Damn. I miss Aquanox now. =(
Anyway, Oil Rush is a pretty Eufloria7. Not much of a surprise, given that it's a demo for their engine. I appreciate that they went and tried to make a strategy game without any land - not the "safest" of ideas (though making it a graph strategy largely negates this). And also, I very much appreciate that they made their game support OpenGL8. The gameplay isn't terribly deep - it's nothing to write home about - but it's not awful either, so it may be worth a try if you like this kind of stuff.
Score: 3/5
Footnotes:
1: I name Eufloria as a great example because it is just so basic, and so "pure" in the sense that it contained so few elements from other genres. While Eufloria was fun, I don't think it's the best game of this kind. I think one of the best games of this type was Sins of a Solar Empire, actually. I would probably have enjoyed Oil Rush more if it was more like Sins of a Solar Empire.
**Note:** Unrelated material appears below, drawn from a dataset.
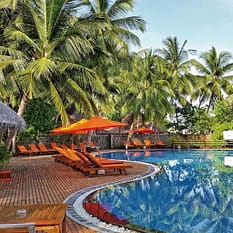 Sun Siyam Vilu Reef Maldives ex Sun Aqua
2: I usually hate those graphic options dialogs, because they mean no in-game graphics options menu. But not so with Oil Rush, thankfully. You still get to change all sorts of settings from inside the game.
3: You do have buttons for issuing the order to half and quarter of the selected force. It's not clear whether the fraction is by number alone, HP, damage, or what. Moreover, if you want a specific number of units, you have to play annoying games with linear algebra - the kind where you think "gee, sure would be nice to have a calculator in the game for this" and then think "why isn't the computer calculating this stuff for me, anyway?".
4: And he's supposed to be you!
5: Yes, to add insult to the injury, not only are you a mentally challenged Australian, but your name is Kevin. I'm telling you, this fucking campaign... I'm just glad there was no romance subplot with Firefly.
6: Dunno what unit style they would have, as it is they are just Sharks with a different unit decal color.
7: Except Eufloria was already pretty... Let's say "fancier".
8: Yes, this runs on Linux! I wish more games did this, especially the larger companies who have the resources to develop with OpenGL. Probably one of the biggest problems with running games through Wine is DirectX.